- Exercise
Below are lines of data, and only some are wanted. Please repeat exactly those from the line that has "121d29 レトロモダン浴衣 ゆかた" through the line that has "Le Temps des".

- Information
--------------------------------------------------

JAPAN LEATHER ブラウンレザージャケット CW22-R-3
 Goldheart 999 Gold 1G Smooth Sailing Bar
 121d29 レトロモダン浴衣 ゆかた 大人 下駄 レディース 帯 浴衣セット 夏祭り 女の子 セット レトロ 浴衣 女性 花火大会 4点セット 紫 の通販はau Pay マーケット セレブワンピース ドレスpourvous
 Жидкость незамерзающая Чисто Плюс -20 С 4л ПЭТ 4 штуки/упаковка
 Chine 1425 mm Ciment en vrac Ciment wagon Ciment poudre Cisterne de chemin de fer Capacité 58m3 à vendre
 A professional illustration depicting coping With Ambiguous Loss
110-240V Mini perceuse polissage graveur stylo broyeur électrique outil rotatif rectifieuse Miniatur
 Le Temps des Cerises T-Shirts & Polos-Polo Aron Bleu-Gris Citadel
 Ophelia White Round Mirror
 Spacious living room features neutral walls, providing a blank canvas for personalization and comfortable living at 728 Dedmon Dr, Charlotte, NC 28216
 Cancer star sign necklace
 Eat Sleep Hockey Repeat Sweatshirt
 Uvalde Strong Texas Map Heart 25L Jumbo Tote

--------------------------------------------------

- Answer to the exercise
 121d29 レトロモダン浴衣 ゆかた 大人 下駄 レディース 帯 浴衣セット 夏祭り 女の子 セット レトロ 浴衣 女性 花火大会 4点セット 紫 の通販はau Pay マーケット セレブワンピース ドレスpourvous
 Жидкость незамерзающая Чисто Плюс -20 С 4л ПЭТ 4 штуки/упаковка
 Chine 1425 mm Ciment en vrac Ciment wagon Ciment poudre Cisterne de chemin de fer Capacité 58m3 à vendre
 A professional illustration depicting coping With Ambiguous Loss
110-240V Mini perceuse polissage graveur stylo broyeur électrique outil rotatif rectifieuse Miniatur
 Le Temps des Cerises T-Shirts & Polos-Polo Aron Bleu-Gris Citadel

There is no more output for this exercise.